The fastest recorded pitch was clocked at 160 km/h. If a pitch were thrown
horizontally with this velocity, how far would the ball fall vertically by the time it
reached home plate, 20 m away?
To solve this problem, we need to calculate the time it takes for the ball to travel 20 m horizontally at a velocity of 160 km/h.

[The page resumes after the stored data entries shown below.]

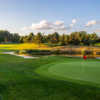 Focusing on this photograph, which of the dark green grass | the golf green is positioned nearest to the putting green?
the golf green

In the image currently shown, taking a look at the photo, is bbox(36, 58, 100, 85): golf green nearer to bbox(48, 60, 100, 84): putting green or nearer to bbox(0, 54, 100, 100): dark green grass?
bbox(48, 60, 100, 84): putting green

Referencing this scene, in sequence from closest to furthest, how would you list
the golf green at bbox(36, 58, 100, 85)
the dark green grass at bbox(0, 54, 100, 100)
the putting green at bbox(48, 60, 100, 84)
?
the dark green grass at bbox(0, 54, 100, 100) < the golf green at bbox(36, 58, 100, 85) < the putting green at bbox(48, 60, 100, 84)

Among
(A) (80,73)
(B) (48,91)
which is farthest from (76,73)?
(B) (48,91)

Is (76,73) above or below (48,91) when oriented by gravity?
above

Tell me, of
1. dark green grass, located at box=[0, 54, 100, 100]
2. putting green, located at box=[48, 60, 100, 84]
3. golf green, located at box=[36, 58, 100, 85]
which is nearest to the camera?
dark green grass, located at box=[0, 54, 100, 100]

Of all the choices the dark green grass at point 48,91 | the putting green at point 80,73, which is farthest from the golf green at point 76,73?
the dark green grass at point 48,91

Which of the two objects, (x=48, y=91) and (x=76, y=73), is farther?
(x=76, y=73)

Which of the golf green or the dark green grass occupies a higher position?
the golf green

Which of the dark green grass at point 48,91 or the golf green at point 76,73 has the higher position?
the golf green at point 76,73

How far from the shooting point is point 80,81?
5.41 m

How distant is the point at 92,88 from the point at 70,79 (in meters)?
1.24

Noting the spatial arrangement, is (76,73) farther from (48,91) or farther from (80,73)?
(48,91)

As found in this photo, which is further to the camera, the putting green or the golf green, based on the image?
the putting green

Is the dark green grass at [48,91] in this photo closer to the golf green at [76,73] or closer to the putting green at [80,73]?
the golf green at [76,73] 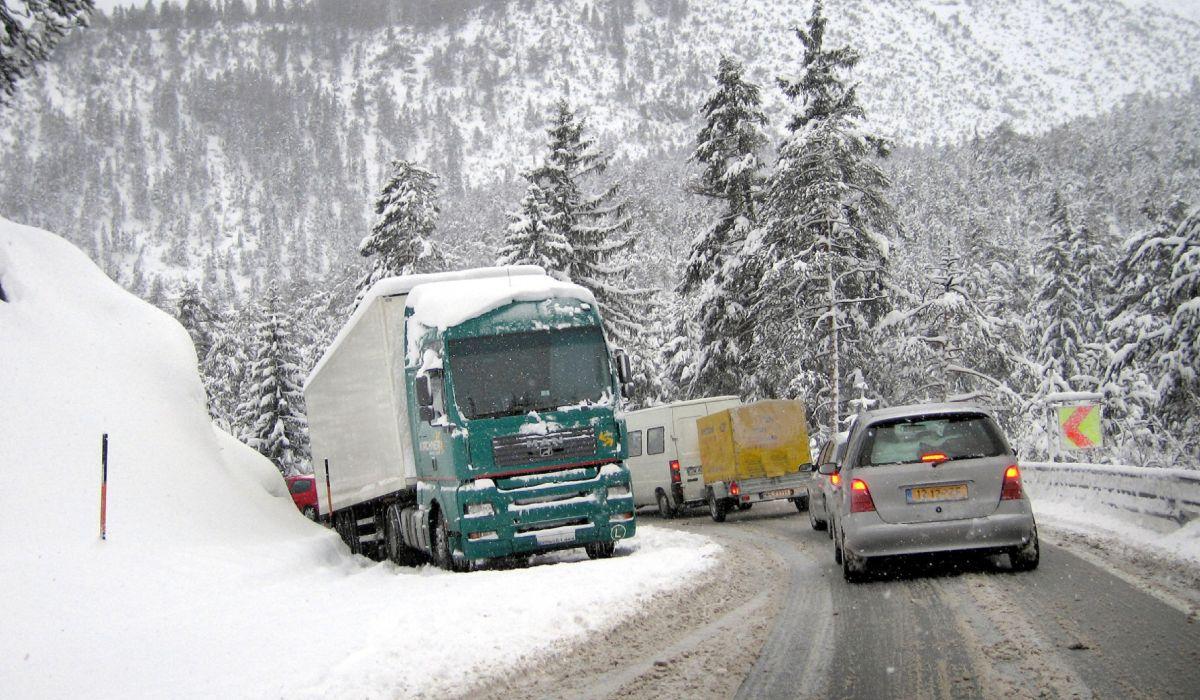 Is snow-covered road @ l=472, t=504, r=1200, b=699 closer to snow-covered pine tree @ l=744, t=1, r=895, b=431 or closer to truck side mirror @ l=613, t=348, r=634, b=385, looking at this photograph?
truck side mirror @ l=613, t=348, r=634, b=385

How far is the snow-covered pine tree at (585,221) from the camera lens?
38.4 m

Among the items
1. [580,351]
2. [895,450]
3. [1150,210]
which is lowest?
[895,450]

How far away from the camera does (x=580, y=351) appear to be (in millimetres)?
13625

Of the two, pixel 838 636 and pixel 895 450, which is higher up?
pixel 895 450

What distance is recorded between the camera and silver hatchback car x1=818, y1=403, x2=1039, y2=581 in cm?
Result: 949

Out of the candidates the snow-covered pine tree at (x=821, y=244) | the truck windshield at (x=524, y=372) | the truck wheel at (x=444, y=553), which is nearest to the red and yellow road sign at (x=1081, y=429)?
the snow-covered pine tree at (x=821, y=244)

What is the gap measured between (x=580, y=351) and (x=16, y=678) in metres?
8.02

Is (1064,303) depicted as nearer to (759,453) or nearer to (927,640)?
(759,453)

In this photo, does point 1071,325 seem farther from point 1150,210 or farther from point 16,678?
point 16,678

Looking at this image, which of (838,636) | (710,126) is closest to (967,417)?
(838,636)

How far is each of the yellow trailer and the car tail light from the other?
10664 mm

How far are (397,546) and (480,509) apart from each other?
13.9 feet

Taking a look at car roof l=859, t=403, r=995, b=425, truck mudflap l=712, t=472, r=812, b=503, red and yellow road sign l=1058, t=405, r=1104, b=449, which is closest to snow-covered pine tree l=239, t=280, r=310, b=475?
truck mudflap l=712, t=472, r=812, b=503

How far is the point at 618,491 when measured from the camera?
13.4 metres
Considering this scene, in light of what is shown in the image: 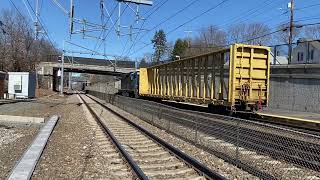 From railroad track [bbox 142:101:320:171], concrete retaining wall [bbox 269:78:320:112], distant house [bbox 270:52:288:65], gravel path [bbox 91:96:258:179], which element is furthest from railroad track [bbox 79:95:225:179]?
distant house [bbox 270:52:288:65]

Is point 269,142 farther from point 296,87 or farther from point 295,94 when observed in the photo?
point 295,94

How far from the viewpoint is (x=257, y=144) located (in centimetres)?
1173

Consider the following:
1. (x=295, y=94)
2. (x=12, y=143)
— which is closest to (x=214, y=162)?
(x=12, y=143)

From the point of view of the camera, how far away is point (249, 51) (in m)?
21.2

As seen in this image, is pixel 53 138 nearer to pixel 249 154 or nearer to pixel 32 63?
pixel 249 154

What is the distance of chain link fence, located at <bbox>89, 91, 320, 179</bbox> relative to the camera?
9727 millimetres

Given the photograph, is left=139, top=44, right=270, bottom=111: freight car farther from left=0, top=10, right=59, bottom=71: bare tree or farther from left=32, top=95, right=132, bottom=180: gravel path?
left=0, top=10, right=59, bottom=71: bare tree

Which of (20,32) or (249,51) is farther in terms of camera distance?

First, we convert the velocity from km/h to m/s:
160 km/h = 160,000 m/h
160,000 m/h / 3600 s/h = 44.44 m/s
Next, we use the equation for horizontal distance:
horizontal distance = velocity * time
20 m = 44.44 m/s * time
time = 20 m / 44.44 m/s
time = 0.45 s
Now that we have the time it takes for the ball to reach home plate horizontally, we can calculate the vertical distance it falls using the equation for vertical distance:
vertical distance = 0.5 * gravity * time^2
vertical distance = 0.5 * 9.8 m/s^2 * (0.45 s)^2
vertical distance = 0.5 * 9.8 m/s^2 * 0.2025 s^2
vertical distance = 0.5 * 9.8 m/s^2 * 0.2025 s^2
vertical distance = 0.5 * 9.8 m/s^2 * 0.2025 s^2
vertical distance = 0.5 * 9.8 m/s^2 * 0.2025 s^2
vertical distance = 0.5 * 9.8 m/s^2 * 0.2025 s^2
vertical distance = 0.5 * 9.8 m/s^2 * 0.2025 s^2
vertical distance = 0.5 * 9.8 m/s^2 * 0.2025 s^2 = 0.44775 m
Therefore, the ball would fall vertically by approximately 0.45 m by the time it reaches home plate.